En estos momentos, el 23% de la población económicamente activa en México trabaja por cuenta propia. Y no, no han resuelto su situación económica. En realidad, pertenecen al sector informal de menores ingresos en el país (el 32% gana menos de dos salarios mínimos) y donde la seguridad social es un asunto personal y voluntario. Ganando sólo lo necesario para subsistir, resulta casi imposible que contraten algún tipo de seguro que los ampare ante riesgos de salud o contingencias como las que estamos viviendo. Por el hecho de tener un negocio propio, no son candidatos a recibir ayudas gubernamentales y en raras ocasiones son sujetos de crédito.
Ciertamente, las grandes compañías alrededor del mundo no han sido creadas por personas con altos grados académicos, sino por personas con una gran disciplina, con hambre de triunfo y una férrea constancia. En la mayor parte de los casos, estos empresarios no fueron a la universidad por falta de ganas, sino porque en sus tiempos no era común el acceso a la educación superior o bien, porque la necesidad de subsistencia apremiaba. En ningún caso, eran ignorantes. Se trata de personas con hábitos, cultura y sed de aprender.
Pero esto no es lo que se le dice al emprendedor. Se le proclama que la clave del éxito es la innovación y que ésta es producto de ambientes que alientan la creatividad. Sin embargo, el ingenio del mexicano es reconocido a nivel mundial, pero parece que se nos ha olvidado que éste no surge de tener condiciones óptimas – nunca las hemos tenido – , sino por el contrario, es el resultado de tener que lidiar permanentemente con la restricción y la escasez.
No es que esté mal emprender.
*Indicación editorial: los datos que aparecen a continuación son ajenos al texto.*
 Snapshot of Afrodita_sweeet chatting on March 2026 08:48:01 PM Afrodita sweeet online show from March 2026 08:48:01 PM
En realidad, iniciar una empresa puede ser una aventura fascinante y de mucho beneficio para sus fundadores y todo su entorno. El problema es que se ha presentado como una panacea, sin considerar que también es una vocación. Se le ha tratado como un paliativo a la pobreza laboral y la escasez de empleos; como una salida de emergencia a jefes y ambientes de trabajo abusivos. Pero en realidad ha resultado la misma historia, pero ahora en solitario. No hay un patrón ni una autoridad que proteja al cuentapropista. Literalmente, se les ha marginado de la vida económica común. Vaya que la pandemia ha dejado esto más que al descubierto.
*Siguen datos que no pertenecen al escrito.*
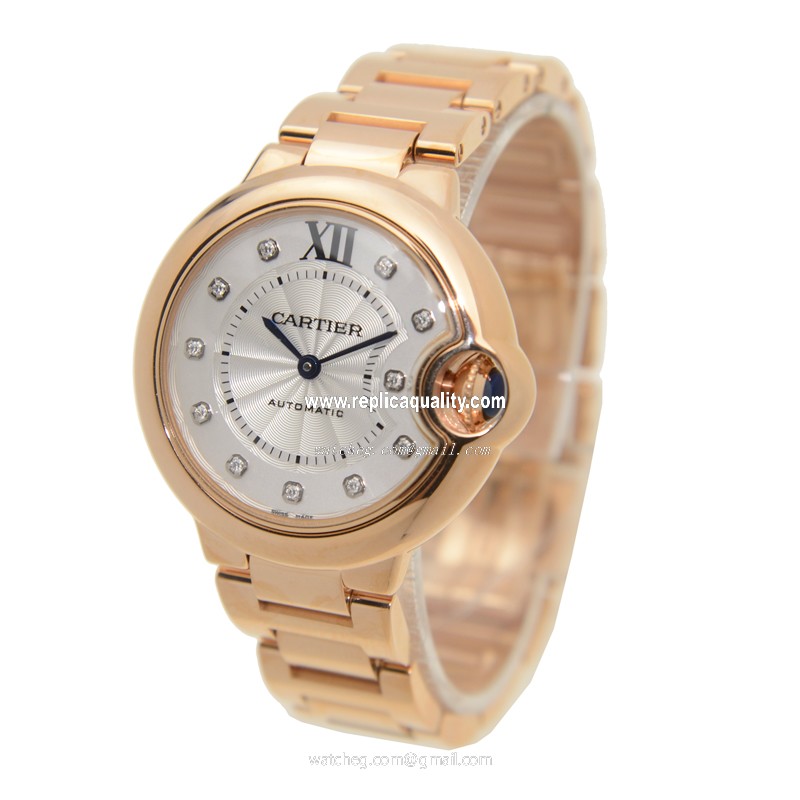 Cartier WE902039 3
Mi intención en esta ocasión no es desanimar a mis apreciados lectores emprendedores, sino por el contrario, hacer visible su situación. Por un lado, invitarlos a inspirarse en los empresarios que han construido su éxito con dedicación, perseverancia y resiliencia, quienes han pasado la prueba del tiempo y que no se deslumbren con los espejitos. Cuando revisen su modelo de negocio, no acepten menos que una vida digna para sí mismos, su familia y de las personas que formen parte de la empresa, ya sea como colaboradores, clientes, proveedores o la comunidad en general. Su negocio, no solo debe darles para comer, sino que debe garantizar su acceso a la salud, ayudarles a generar un patrimonio y proveerles de sustento cuando llegue una incapacidad, contingencia o simplemente, la inexorable tercera edad. Solo si su empresa, después de pagar impuestos, les permite lo anterior, es un buen negocio. De lo contrario, la sugerencia es seguir explorando opciones.
Por otro lado, quienes tenemos un ingreso aunque afectado pero seguro, procuremos estimular la economía a través de estos emprendedores, que no la están pasando nada bien y que junto con asalariados, empresarios y empleados de gobierno, son parte de nuestra vida común. Quienes tenemos el privilegio de no haber sido expulsados del sistema debemos tener claro que el sueño del mexicano no puede ser más el logro mágico individual. De las condiciones actuales, vale la pena conservar una lección: solo lograremos la salida de esta crisis en la fuerza de la unidad y de la solidaridad, y esto no se acaba hasta que todos hayamos alcanzado una vida común digna.